When you pay me back, you are paying me *MY* money that I already paid taxes on. I have no taxable income to report. You are paying me money that was never yours, and *YOU* never paid taxes on. So *YOU* have nothing to claim or report either.
yshpakovAuthor
Employee
June 1, 2019
Hi Carl,
Thank you for your response.
So the bottom line. In case of IRS audit they could wonder the nature of the money that people transferred to me. They could request the explanation. I would present them 1) my credit card statement, 2) my checking account statement, 3) as well as my explanation that this money was just reimbursement of my expenses helping to my friends.

(Once again, it's totally not clear out of my credit card statement *WHO BENEFITED FROM THESE PURCHASES* -- me or 3rd party. And I guess this is the biggest potential problem.)

And they MUST believe me and my explanations (unless they prove that I've lied) that I made these purchases for someone else (not for me).
Is this correct?
Is this how it normally works here in the USA?

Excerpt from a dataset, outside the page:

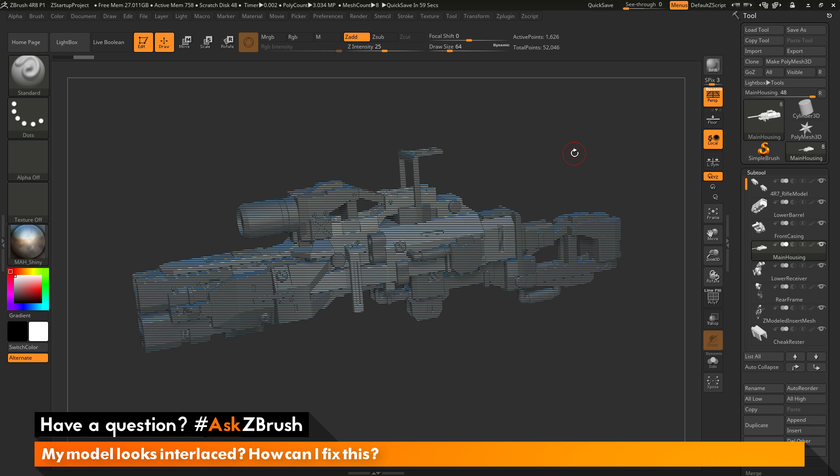This is Joseph Drust and welcome back to another episode of Ask ZBrush. So we had a question sent in asking, my model looks interlaced, how can I fix this?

So this is not a theoretical tax law question, it's more about how it would work in practice -- how IRS employees would treat this situation and how they would consider it. Because you know sometimes your fair behavior could look suspicious as well as your unlawful behavior could look lawful.

Thank you
Carl11_2
Employee
June 1, 2019
You're making mountains out of molehills. Don't worry about it. I seriously doubt anyone at the IRS is scrutinizing your return, of the over 300,000,000 million returns they receive each year. More than 90% of those filed returns are never seen by human eyes. The 10% that are, are those kicked out by the computers.
Even the returns that are printed and mailed get scanned into their computers. Rarely does a human actually read one and scrutinize it.
They have a system that will radnomly kick out returns based on programmed criteria for human review, as a rough "checks and balances" thingy, and that's it. One year, they paid attention to charitable donations. Another year, they paid attention to home energy credits. So your chances of being targeted are about the same as mine are - which is nil.
Employee
June 1, 2019
@yshpakov The fact that you are so worried about this leads me to believe that something else is going on, and that maybe you should not even do this.